Despite being the game that pioneered and popularised the battle royale shooter, it seems that PUBG: Battlegrounds has increasingly ended up left in the shadow cast by Fortnite’s ridiculous popularity, Lego and Eminem collabs, and big, flashy season changes. It seems that the earlier battle royale game is planning to borrow at least one leaf from its rival’s playbook this year, though.
Unveiling their plans for PUBG’s roadmap in 2024 – which will also mark the seventh anniversary since its release, can you believe it – the game’s devs said they would be focusing on polishing PUBG’s central gameplay loop rather than introducing a separate game mode or similar.
Part of those plans is something that feels straight out of Fortnite: destructible environments. While it won’t quite be to the level of knocking down entire buildings – PUBG’s devs say “sections” will be destructible – the aim is to give players greater options for creating interesting defences and shaking up the situations they find themselves in during matches, having to adapt their strategy on the fly. A teaser image showed a player armed with a pickaxe digging a hole, which isn’t exactly the most exciting example, but we’ll apparently know more in April when the environmental destructible update drops, with future improvements and expansions to come after that.
Speaking of ongoing improvements, tweaks to PUBG’s guns will now arrive every two months, providing a more frequent way of making balance changes and trying to keep the game’s competitive meta fresh, the devs say. Those changes will go live in Arcade mode first, allowing for player feedback before they then roll into Normal and Ranked. Update 28.2 will bring a major SMG Rebalance to Arcade, ahead of a planned rollout to the rest of the game in June. PUBG’s devs added that the SCAR-L and AKM are also on the cards for the future, along with nerfs to unspecified “powerful weapons”.

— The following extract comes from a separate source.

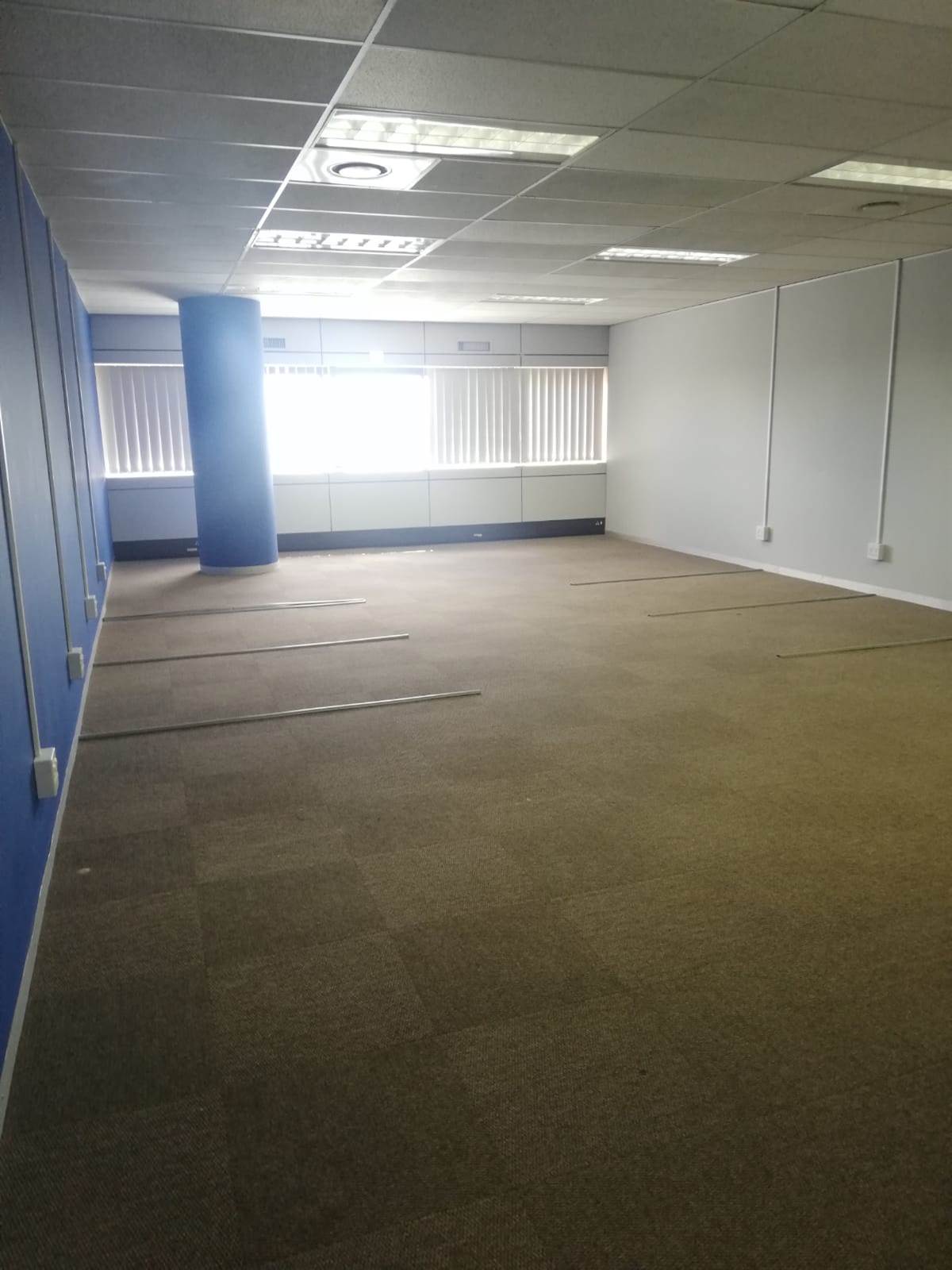 1147.25  m² Office Space in Bellville Central photo number 3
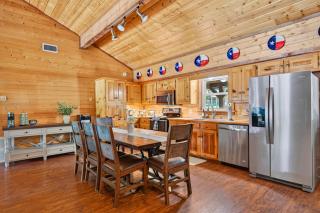 Lake Fork Retreat w/ Private Pool & Dock - 4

Elsewhere, the devs say that they will add new items designed around transportation and looting rather than just shooting each other. The team say they’re “exploring” the potential for portable ziplines, following on from the introduction of vehicle vaulting and co-op climbing as expanded movement options in last month’s update.
Although the updates won’t necessarily introduce entire new modes, there will be a new way to play. The Team vs. Team system will let you and your friends face off against another team across a series of consecutive matches, tracking your respective placements and victories to earn new rewards. There’ll still be some occasional special modes, too, following last Halloween’s PvE offering Survivors Left Behind, which is now planned to receive quarterly updates alongside Team Deathmatch and Intense Battle Royale.
The new updates – particularly the destructible environments – will presumably be helped by a planend shift onto Unreal Engine 5 as a foundation. That underlying change will accompany plans for supporting user-made content, with PUBG’s devs saying they hope to foster “a vibrant, creator-driven ecosystem” as the community adds to its offering.
There’s plenty more in the full roadmap, including the interesting note that over three million cheaters were banned last year – a 33% leap on the 2.4m banned in 2022. That number came through PUBG’s revamped approach to identifying cheaters and cheating tools, including the use of deep learning models to spot aim bots and the like. Those efforts will continue into this year, with PUBG reassuring players that those reported will not be automatically banned straight away, but only after “a comprehensive analysis” has been conducted.